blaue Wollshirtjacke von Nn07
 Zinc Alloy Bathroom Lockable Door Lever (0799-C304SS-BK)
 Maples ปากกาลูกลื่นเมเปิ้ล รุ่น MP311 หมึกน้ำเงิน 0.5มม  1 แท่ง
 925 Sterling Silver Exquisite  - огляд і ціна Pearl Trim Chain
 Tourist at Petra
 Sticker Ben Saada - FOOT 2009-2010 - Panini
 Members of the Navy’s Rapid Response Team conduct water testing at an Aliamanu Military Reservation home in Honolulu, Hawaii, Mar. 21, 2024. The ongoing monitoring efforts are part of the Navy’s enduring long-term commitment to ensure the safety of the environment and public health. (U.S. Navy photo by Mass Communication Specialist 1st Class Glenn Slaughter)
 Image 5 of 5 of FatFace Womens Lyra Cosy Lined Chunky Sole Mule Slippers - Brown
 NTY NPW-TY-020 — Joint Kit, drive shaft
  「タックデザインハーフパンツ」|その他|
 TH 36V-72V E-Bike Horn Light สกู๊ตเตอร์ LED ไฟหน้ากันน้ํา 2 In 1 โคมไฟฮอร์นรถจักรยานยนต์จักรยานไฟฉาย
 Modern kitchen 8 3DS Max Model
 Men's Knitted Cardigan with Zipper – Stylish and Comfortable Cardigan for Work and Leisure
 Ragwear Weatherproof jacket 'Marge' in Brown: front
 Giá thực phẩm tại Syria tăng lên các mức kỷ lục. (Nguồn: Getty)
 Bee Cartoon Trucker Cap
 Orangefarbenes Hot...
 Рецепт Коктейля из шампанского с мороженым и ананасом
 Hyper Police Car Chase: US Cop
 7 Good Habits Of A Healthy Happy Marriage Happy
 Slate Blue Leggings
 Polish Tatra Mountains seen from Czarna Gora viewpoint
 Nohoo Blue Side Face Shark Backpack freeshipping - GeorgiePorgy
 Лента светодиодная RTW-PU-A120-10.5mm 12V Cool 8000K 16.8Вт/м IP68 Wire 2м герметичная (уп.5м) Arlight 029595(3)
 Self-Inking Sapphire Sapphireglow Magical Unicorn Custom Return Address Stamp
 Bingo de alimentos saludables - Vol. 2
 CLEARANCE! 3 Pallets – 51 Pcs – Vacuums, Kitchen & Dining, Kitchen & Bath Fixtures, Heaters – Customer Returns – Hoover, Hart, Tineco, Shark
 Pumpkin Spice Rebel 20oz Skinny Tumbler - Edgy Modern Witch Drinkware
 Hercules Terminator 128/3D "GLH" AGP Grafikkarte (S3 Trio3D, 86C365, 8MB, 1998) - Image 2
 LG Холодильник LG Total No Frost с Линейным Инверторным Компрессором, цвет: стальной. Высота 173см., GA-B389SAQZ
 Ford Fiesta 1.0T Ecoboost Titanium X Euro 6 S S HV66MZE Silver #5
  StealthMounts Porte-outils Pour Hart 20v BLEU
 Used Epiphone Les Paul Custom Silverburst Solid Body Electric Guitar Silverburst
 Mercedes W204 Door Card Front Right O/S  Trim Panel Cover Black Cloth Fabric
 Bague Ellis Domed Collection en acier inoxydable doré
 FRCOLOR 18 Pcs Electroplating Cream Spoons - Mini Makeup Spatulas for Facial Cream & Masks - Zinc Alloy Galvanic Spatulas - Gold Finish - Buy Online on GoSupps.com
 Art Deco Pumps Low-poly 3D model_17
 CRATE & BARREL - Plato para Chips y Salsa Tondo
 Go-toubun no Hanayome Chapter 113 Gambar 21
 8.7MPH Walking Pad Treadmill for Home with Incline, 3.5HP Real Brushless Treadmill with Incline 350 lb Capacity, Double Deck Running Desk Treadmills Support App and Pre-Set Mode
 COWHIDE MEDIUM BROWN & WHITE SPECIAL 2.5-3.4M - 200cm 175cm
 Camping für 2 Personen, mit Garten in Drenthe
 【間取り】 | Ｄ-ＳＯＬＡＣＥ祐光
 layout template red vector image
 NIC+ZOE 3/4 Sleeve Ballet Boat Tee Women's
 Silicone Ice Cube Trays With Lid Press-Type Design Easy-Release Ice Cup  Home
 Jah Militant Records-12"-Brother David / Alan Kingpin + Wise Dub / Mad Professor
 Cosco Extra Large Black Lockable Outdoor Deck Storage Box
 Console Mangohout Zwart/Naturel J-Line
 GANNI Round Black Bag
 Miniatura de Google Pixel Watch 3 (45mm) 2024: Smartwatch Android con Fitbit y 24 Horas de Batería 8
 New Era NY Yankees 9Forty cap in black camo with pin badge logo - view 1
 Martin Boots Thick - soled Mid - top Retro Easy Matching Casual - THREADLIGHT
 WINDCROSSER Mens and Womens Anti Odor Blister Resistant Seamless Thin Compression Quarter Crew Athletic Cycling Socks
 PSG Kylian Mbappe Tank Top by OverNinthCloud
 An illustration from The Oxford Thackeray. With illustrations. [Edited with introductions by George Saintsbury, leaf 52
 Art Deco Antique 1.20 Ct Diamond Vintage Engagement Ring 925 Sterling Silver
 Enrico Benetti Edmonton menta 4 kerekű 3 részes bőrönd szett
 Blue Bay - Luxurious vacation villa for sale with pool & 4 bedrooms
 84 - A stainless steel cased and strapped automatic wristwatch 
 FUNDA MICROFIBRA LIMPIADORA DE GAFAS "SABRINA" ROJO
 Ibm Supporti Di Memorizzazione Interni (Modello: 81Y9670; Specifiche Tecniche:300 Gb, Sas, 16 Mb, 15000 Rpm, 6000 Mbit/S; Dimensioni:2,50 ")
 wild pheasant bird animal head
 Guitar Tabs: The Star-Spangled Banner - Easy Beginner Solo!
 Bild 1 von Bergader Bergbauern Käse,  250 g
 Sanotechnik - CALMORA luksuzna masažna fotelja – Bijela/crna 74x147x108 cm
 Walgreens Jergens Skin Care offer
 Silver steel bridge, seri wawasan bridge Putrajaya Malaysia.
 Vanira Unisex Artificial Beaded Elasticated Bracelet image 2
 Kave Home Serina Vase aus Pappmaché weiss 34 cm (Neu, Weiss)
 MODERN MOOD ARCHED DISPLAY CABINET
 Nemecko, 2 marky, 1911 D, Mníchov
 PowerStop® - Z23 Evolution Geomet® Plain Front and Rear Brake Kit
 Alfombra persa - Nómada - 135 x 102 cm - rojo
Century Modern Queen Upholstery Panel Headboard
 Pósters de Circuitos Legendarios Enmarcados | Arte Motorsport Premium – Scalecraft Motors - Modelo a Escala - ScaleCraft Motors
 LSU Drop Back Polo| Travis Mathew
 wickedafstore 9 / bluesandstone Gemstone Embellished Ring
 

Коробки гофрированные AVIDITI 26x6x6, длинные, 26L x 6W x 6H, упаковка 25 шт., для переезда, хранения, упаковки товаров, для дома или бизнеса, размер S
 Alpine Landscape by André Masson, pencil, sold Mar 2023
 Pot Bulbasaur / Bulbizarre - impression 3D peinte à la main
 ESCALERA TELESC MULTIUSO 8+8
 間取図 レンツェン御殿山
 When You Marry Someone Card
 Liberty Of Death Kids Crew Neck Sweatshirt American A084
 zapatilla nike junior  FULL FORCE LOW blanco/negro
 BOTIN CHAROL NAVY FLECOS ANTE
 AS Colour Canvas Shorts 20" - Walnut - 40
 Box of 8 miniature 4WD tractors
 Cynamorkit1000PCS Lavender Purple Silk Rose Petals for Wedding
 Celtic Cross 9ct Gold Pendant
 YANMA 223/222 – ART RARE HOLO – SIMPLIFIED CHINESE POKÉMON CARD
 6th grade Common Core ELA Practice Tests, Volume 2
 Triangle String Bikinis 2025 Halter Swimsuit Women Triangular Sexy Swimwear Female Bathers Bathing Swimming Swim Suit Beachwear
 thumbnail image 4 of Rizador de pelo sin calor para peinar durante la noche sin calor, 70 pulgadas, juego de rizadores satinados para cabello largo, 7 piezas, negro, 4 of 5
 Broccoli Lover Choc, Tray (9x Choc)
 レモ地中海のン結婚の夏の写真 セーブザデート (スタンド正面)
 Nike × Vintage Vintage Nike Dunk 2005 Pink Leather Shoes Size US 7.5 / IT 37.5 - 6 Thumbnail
□ □ □ □ □
Activity:
Keeping every character as it is, restate the lines above that run from the line with "TH 36V-72V E-Bike" through the line with "Ragwear Weatherproof jacket", both included, and nothing else.

Answer to this exercise:
 TH 36V-72V E-Bike Horn Light สกู๊ตเตอร์ LED ไฟหน้ากันน้ํา 2 In 1 โคมไฟฮอร์นรถจักรยานยนต์จักรยานไฟฉาย
 Modern kitchen 8 3DS Max Model
 Men's Knitted Cardigan with Zipper – Stylish and Comfortable Cardigan for Work and Leisure
 Ragwear Weatherproof jacket 'Marge' in Brown: front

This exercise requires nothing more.